Goal of the exercise
Print the data below exactly, but only the lines from the one containing "PT DIANSURYA GLOBAL" down to the one containing "Police - Sunglasses - Lyst", inclusive.

Provided records
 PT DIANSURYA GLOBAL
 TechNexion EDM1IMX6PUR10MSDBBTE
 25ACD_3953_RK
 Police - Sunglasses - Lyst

==

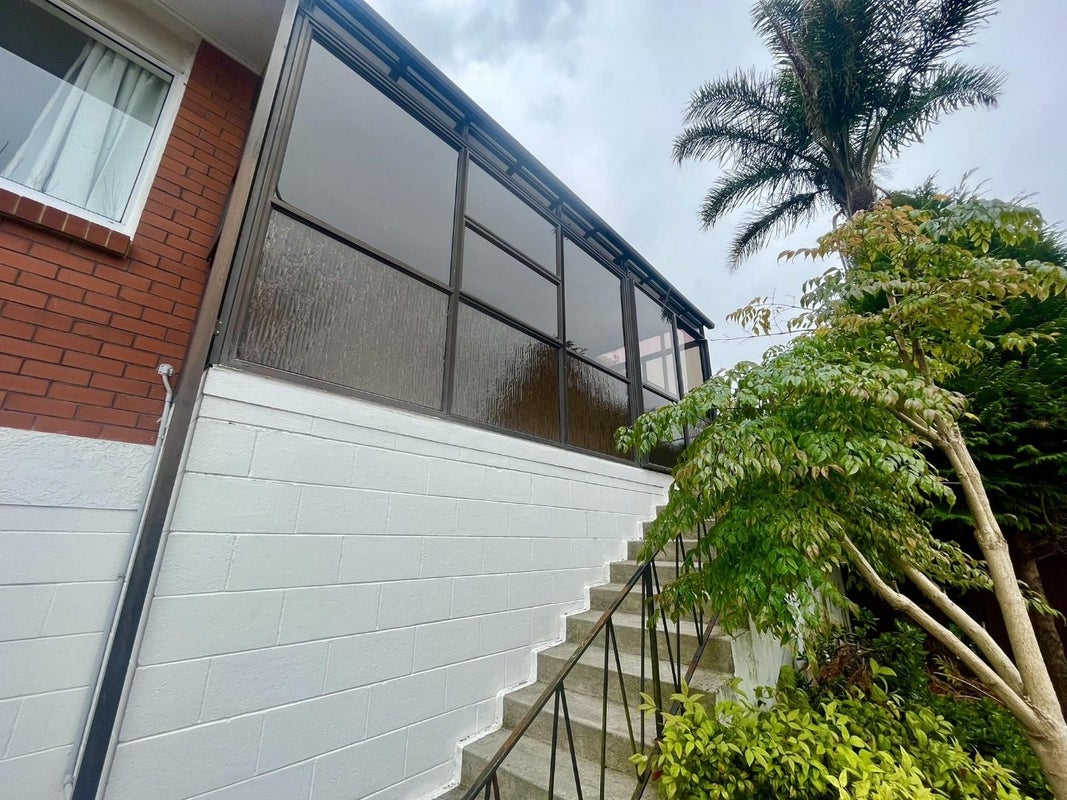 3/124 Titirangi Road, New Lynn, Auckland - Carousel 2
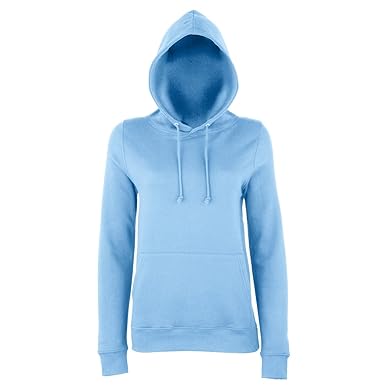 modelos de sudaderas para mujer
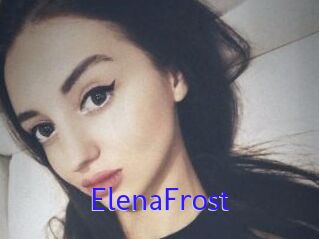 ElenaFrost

Task result
 PT DIANSURYA GLOBAL
 TechNexion EDM1IMX6PUR10MSDBBTE
 25ACD_3953_RK
 Police - Sunglasses - Lyst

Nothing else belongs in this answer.